Back in the early 1990s, Frank Miller was done with Hollywood. Only Hollywood wasn’t quite done with him.

The influential graphic novelist put aside cartooning in the late 1980s to work on the two “Robocop” sequels. It didn’t go well.

“I learned that writing a screenplay is much like making a very pretty fire hydrant with a lot of dogs waiting for it,” Miller says, sitting in his Hell’s Kitchen studio. “I left the process not wanting to work in Hollywood ever again.”

Instead, he focused on creating a comic series he thought no one could possibly adapt into a film. The black-and-white “Sin City” serial first appeared in 1991 and told noirish tales of gun-toting lugs and pretty broads.
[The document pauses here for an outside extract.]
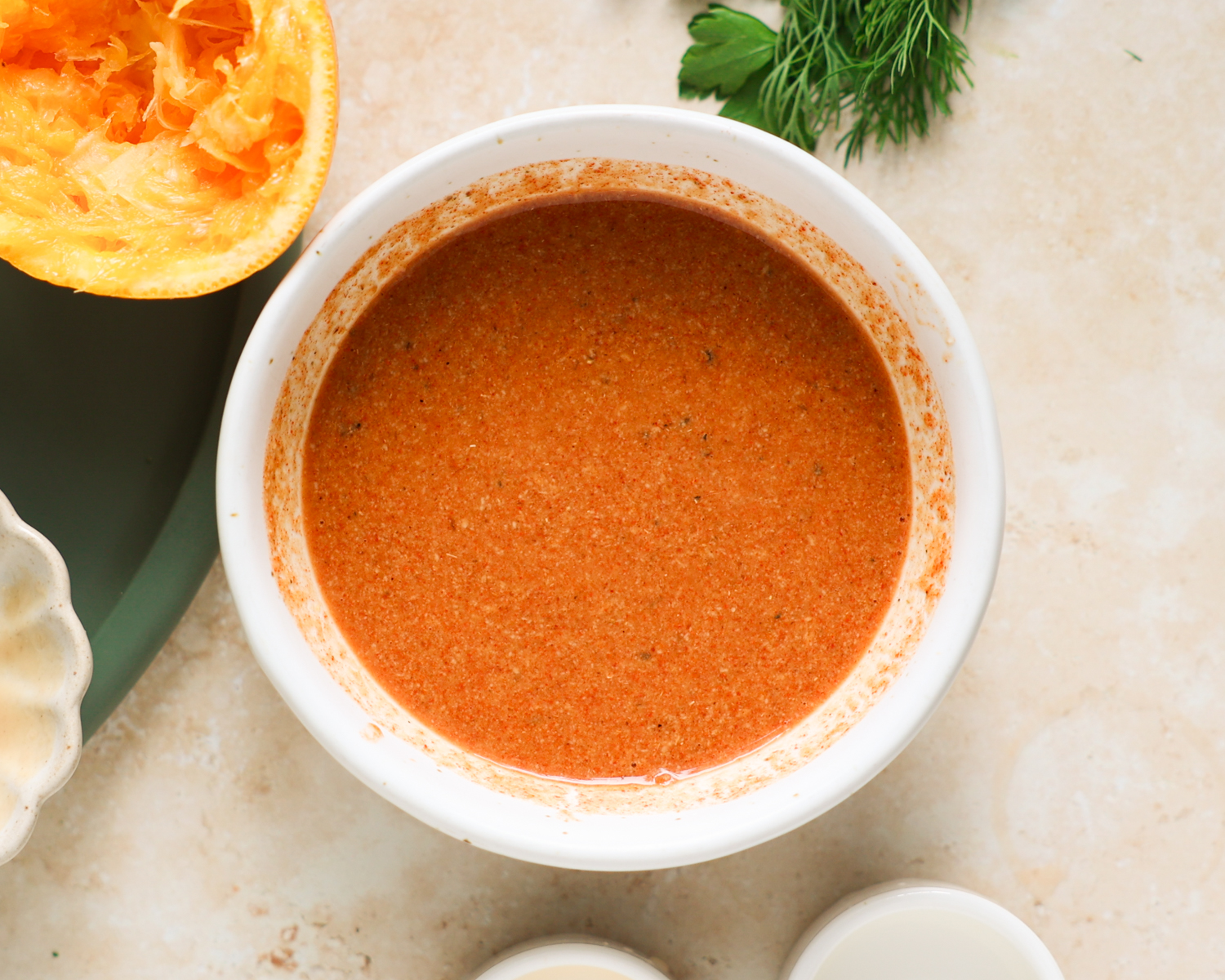 Tahini dressing in a bowl.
Miller (left) with “Sin City” director Robert Rodriguez Jason Kempin/Getty Images

“It was just going to be a comic book, and then this crazy Texan, [director] Robert Rodriguez, approached me and showed me how it could be a movie,” Miller says. “He dragged me back into the movie business.”

“Sin City,” released in 2005, ably translated Miller’s stylish comic to the screen. Its sequel, “A Dame to Kill For,” hits theaters Thursday. Miller, 57, again serves as writer and co-director.

Although the artist has had an uneasy relationship with Hollywood, the irony is that his work is being used as the basis for much of what’s going on in entertainment today.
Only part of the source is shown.